Myanmar Deputy Police Major Moe Yan Naing (centre) leaves court following the ongoing trial of two detained journalists in Yangon on April 20. AFP
Myanmar Deputy Police Major Moe Yan Naing (centre) leaves court following the ongoing trial of two detained journalists in Yangon on April 20. AFP

Whistleblowing Myanmar policeman sentenced to jail

A Myanmar police officer who told a court his colleagues had tried to “entrap” two Reuters journalists has been handed a prison term, a police spokesman said on Monday.

Deputy Police Major Moe Yan Naing, called as a prosecution witness earlier this month in a pre-trial hearing against the journalists, stunned the courtroom when he alleged a senior officer had ordered colleagues to “get” reporter Wa Lone by handing him sensitive files.

The 32-year-old Myanmar journalist and his colleague Kyaw Soe Oo, 28, face up to 14 years in prison on charges of possessing classified documents relating to security operations in Rakhine state, where the military is accused of atrocities against Rohingya Muslims.

They have been detained since they were arrested in December after meeting with police, in a case that has drawn intense global attention.

According to a police spokesman, Moe Yan Naing has been jailed for breaching a police disciplinary act, a charge he had been facing since December for his previous communication with Wa Lone.

Police sources said he was sentenced before he gave his shock testimony – an extremely rare instance of a security official openly challenging superiors in the formerly junta-run country.

“He was sentenced because he told others about information concerned with the police force without permission,” Police Colonel Myo Thu Soe said, declining to say when the verdict was reached or how long his jail term was.

“He was found to have breached the police disciplinary act,” he added.

Moe Yan Naing’s wife said she was informed of her husband’s sentencing on Sunday night.

“The police told me yesterday [Sunday] evening that he had been sent to Insein prison to face a year-long sentence,” Tu Tu said through tears.

After he testified on April 20 the defence quickly expressed fears for his safety, while the prosecution filed a motion to declare him a “hostile witness”.
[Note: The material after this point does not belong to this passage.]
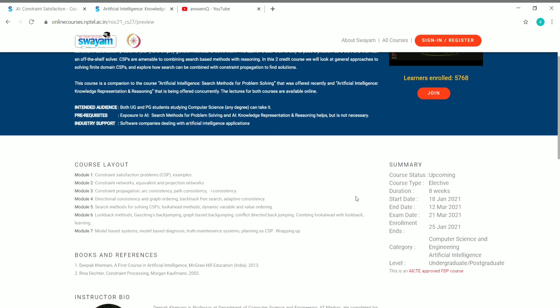On the right side you can see other details: the course duration is eight weeks, the starting date is 18 January 2021, and the ending date is 12 March 2021. The exam date is 21 March 2021. Enrollment ends on 25 January 2021, so you must enroll before that date if you want to take this course.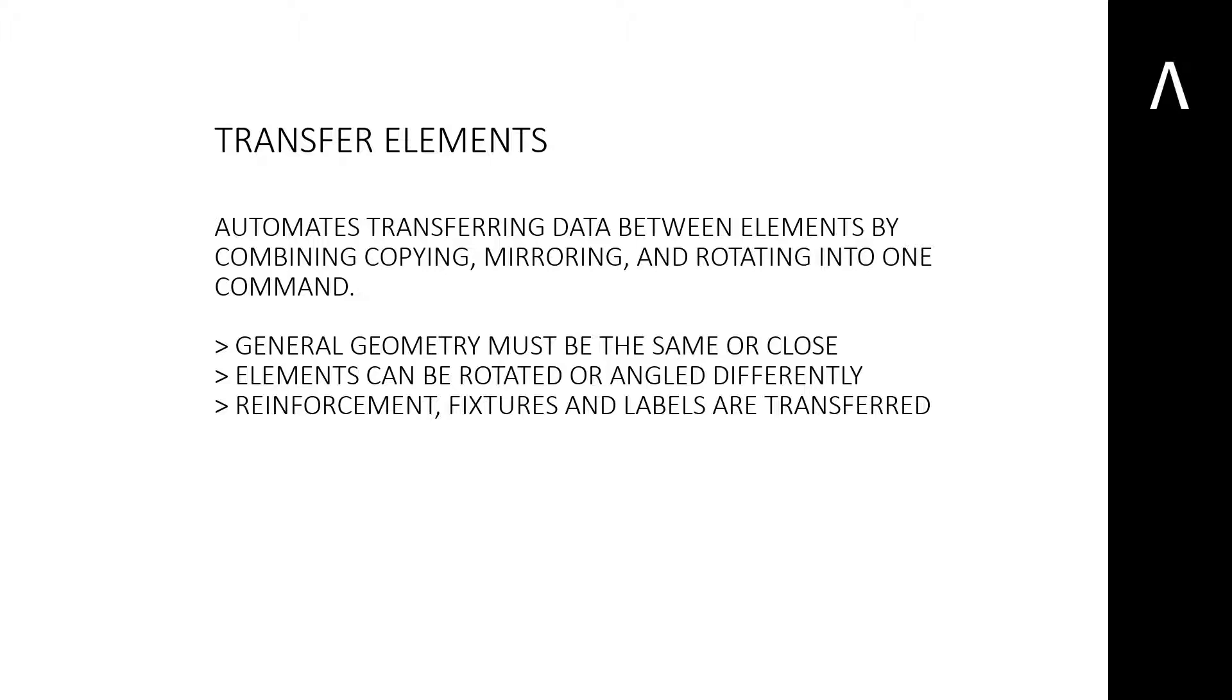The geometry between elements must be the same or very similar. Elements can be rotated or angled differently. The command will adjust accordingly to the new element's geometric location.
Within 24 hours Tu Tu and her children were evicted from their police housing in the capital Naypyidaw.

A police spokesman denied any connection between the two events, saying it was a “coincidence”.

The case against the Reuters reporters compounded fears about slipping press freedoms in Myanmar, a fledgling democracy riven with ethnic conflicts.

At the time of their arrests the reporters were investigating security officers’ roles in the extrajudicial killing of 10 Rohingya men in northern Rakhine, the site of an army crackdown that the UN says amounts to ethnic cleansing of the Muslim minority.

The military has overwhelmingly denied allegations of atrocities but did concede that security officers took part in the killings reported by Reuters – a rare admission of guilt made after the journalists were arrested.

Some 700,000 Rohingya have fled to neighbouring Bangladesh since the army-led campaign was launched last August, ostensibly to combat Rohingya insurgents.

The stateless group has faced decades of systematic discrimination and persecution in mainly Buddhist Myanmar.